### Exercise details
Copy each line below word for word and drop every image.

### Dataset

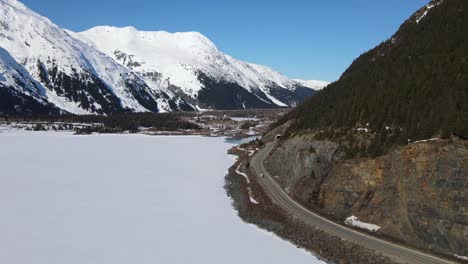 Luftaufnahme-Einer-Drohne,-Die-Um-Die-Seite-Eines-Berges-Herumschwenkt,-Der-Mit-Kiefern-Bedeckt-Ist,-Und-Blick-Auf-Schneebedeckte-Berge-In-Alaska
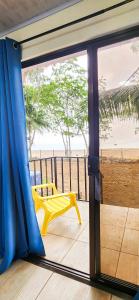 a room with a view of the beach through a sliding glass door at Pura Vida Macaw Paradise in Jacó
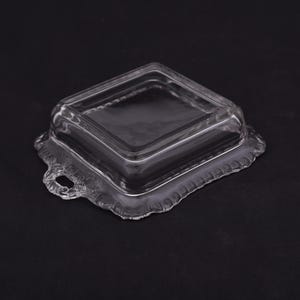 May include: A clear glass square dish with a lid. The dish has a decorative scalloped edge and a handle on each side.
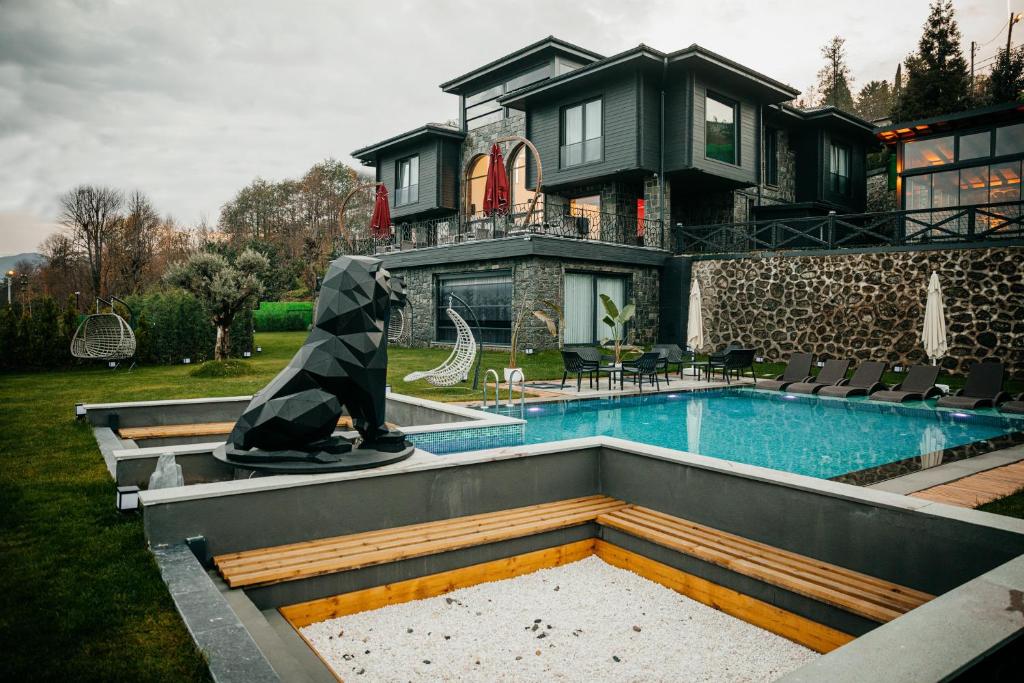 ein Haus mit einem Pool und einer Statue davor in der Unterkunft Çathan Art Hotel in Ayder Yaylasi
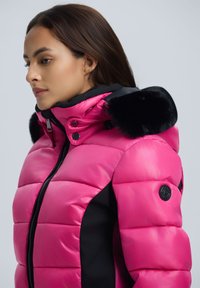 Chaqueta puffer rosa con un acabado brillante, paneles laterales negros, capucha con borde de pelo, cierres de cremallera y botón a presión, y un logo redondo en la manga.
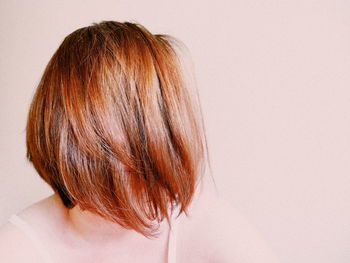 Close-up of woman with brown hair against beige background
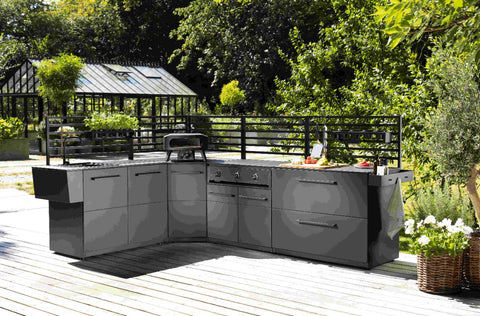 Eine moderne Outdoor-Küche mit schlichten schwarzen Schränken, Grill, Spüle und Küchenmodul 90 cm auf einer Holzterrasse im Grünen. Die Cozze Elements Rückwand für Outdoor-Küchenmodul [90 cm] von Cozze bietet Wind- und Wetterschutz.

### Solution for this exercise
 Luftaufnahme-Einer-Drohne,-Die-Um-Die-Seite-Eines-Berges-Herumschwenkt,-Der-Mit-Kiefern-Bedeckt-Ist,-Und-Blick-Auf-Schneebedeckte-Berge-In-Alaska
 a room with a view of the beach through a sliding glass door at Pura Vida Macaw Paradise in Jacó
 May include: A clear glass square dish with a lid. The dish has a decorative scalloped edge and a handle on each side.
 ein Haus mit einem Pool und einer Statue davor in der Unterkunft Çathan Art Hotel in Ayder Yaylasi
 Chaqueta puffer rosa con un acabado brillante, paneles laterales negros, capucha con borde de pelo, cierres de cremallera y botón a presión, y un logo redondo en la manga.
 Close-up of woman with brown hair against beige background
 Eine moderne Outdoor-Küche mit schlichten schwarzen Schränken, Grill, Spüle und Küchenmodul 90 cm auf einer Holzterrasse im Grünen. Die Cozze Elements Rückwand für Outdoor-Küchenmodul [90 cm] von Cozze bietet Wind- und Wetterschutz.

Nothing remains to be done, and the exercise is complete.